Ofcom is expected to issue recommendations for accelerating investment in the country’s broadband grid within days. Rivals such as wireless operator Vodafone Group Plc and pay-TV provider Sky Plc have called for the creation of a separate entity in order to give them improved access, saying the current system hampers service quality and broadband speeds.
“BT has exploited its position to make strategic decisions that favor the group’s priorities and interests,” the panel said. It said BT was underinvesting in the network by as much as “hundreds of millions of pounds a year.”
BT has increased investment in Openreach by 30 percent from two years ago and will step up spending on the network again this year, it said in a statement. The company said it is in discussions with Ofcom in an effort to reach a settlement to increase the autonomy of Openreach without a full separation.
“Separating Openreach from BT would lead to less investment, not more, and would fatally undermine the aims of the committee,” BT said.
But BT’s competitors lambasted the company Tuesday, with one competitor accusing the British telecoms giant of holding the nation in "shackles."
"As Ofcom considers how to improve Britain’s broadband, it should feel emboldened to know it has cross-party political support to be radical," TalkTalk Telecom Group Plc said in a statement. "After years of suffering, customers deserve nothing less."

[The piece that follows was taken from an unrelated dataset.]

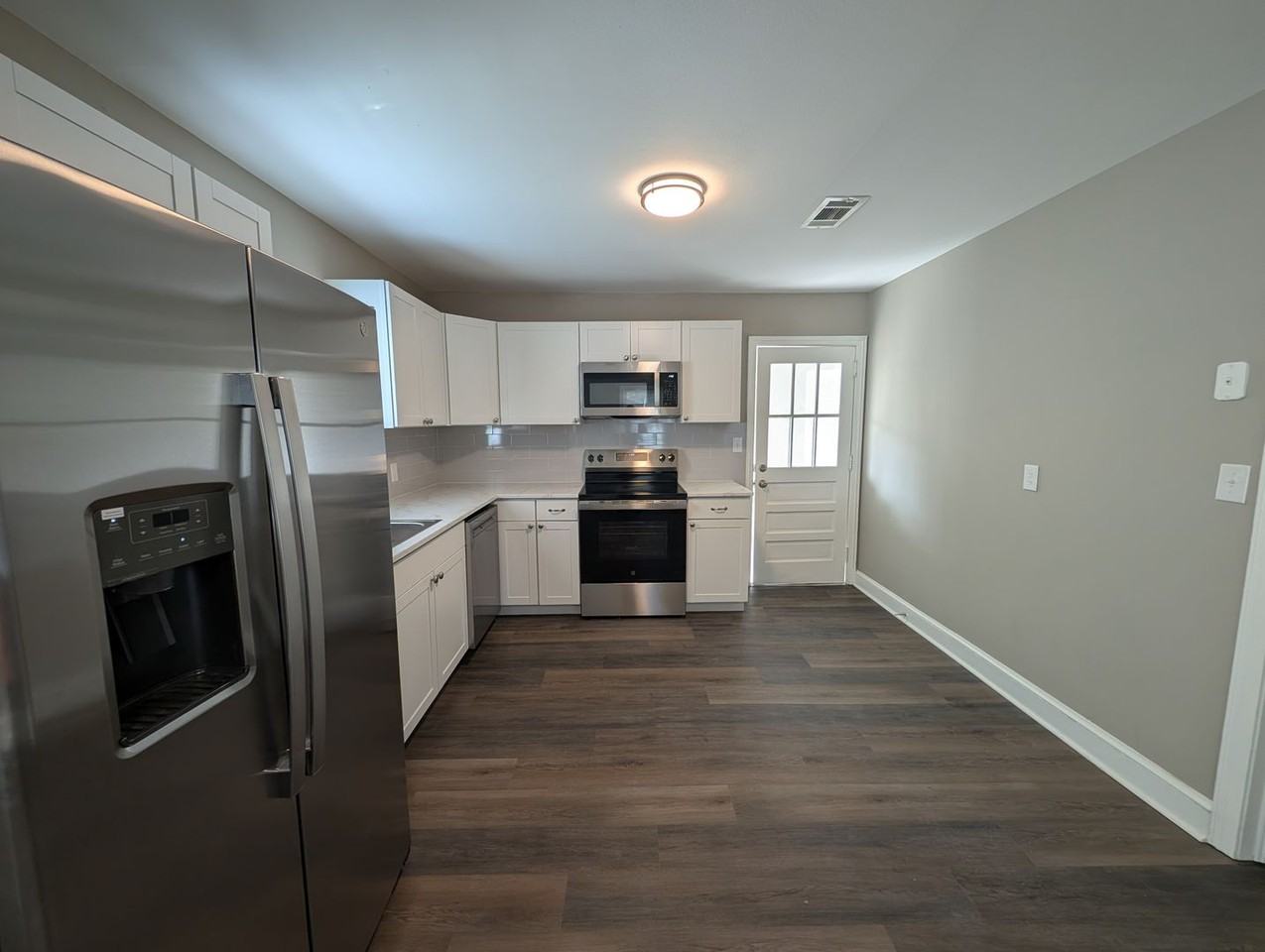 716 Stonewall Ct - Photo 4 of 23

In May, BT said it would invest 6 billion pounds ($7.9 billion) to roll out super-fast fiber and 4G mobile connections by 2020, provided that Ofcom lets it keep control of Openreach. In preliminary reports on its review of the U.K.’s network infrastructure, the regulator has stopped short of recommending a breakup.
BT shares fell 0.8 percent to 392 pence at 11:48 a.m. in London, paring a loss of as much as 1.6 percent.